Work instruction
Every entry is to be returned verbatim.

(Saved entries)

[Start of section]

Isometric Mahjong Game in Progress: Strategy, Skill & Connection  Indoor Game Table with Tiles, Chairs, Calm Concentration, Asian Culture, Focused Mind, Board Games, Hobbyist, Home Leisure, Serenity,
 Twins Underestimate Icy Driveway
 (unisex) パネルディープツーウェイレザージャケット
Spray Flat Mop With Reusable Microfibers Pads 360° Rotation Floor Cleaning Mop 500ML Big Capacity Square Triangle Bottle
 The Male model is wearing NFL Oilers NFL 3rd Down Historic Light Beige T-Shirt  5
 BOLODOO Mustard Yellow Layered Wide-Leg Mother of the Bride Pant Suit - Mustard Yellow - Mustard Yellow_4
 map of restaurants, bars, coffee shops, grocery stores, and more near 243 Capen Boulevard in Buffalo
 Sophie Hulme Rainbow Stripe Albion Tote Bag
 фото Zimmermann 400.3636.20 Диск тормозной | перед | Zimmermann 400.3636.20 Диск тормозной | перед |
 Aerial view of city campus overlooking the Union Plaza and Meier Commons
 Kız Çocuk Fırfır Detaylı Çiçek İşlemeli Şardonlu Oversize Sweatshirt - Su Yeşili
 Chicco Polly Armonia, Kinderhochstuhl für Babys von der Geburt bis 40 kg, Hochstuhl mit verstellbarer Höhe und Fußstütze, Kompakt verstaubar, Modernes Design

[End of section]

Result
Isometric Mahjong Game in Progress: Strategy, Skill & Connection  Indoor Game Table with Tiles, Chairs, Calm Concentration, Asian Culture, Focused Mind, Board Games, Hobbyist, Home Leisure, Serenity,
 Twins Underestimate Icy Driveway
 (unisex) パネルディープツーウェイレザージャケット
Spray Flat Mop With Reusable Microfibers Pads 360° Rotation Floor Cleaning Mop 500ML Big Capacity Square Triangle Bottle
 The Male model is wearing NFL Oilers NFL 3rd Down Historic Light Beige T-Shirt  5
 BOLODOO Mustard Yellow Layered Wide-Leg Mother of the Bride Pant Suit - Mustard Yellow - Mustard Yellow_4
 map of restaurants, bars, coffee shops, grocery stores, and more near 243 Capen Boulevard in Buffalo
 Sophie Hulme Rainbow Stripe Albion Tote Bag
 фото Zimmermann 400.3636.20 Диск тормозной | перед | Zimmermann 400.3636.20 Диск тормозной | перед |
 Aerial view of city campus overlooking the Union Plaza and Meier Commons
 Kız Çocuk Fırfır Detaylı Çiçek İşlemeli Şardonlu Oversize Sweatshirt - Su Yeşili
 Chicco Polly Armonia, Kinderhochstuhl für Babys von der Geburt bis 40 kg, Hochstuhl mit verstellbarer Höhe und Fußstütze, Kompakt verstaubar, Modernes Design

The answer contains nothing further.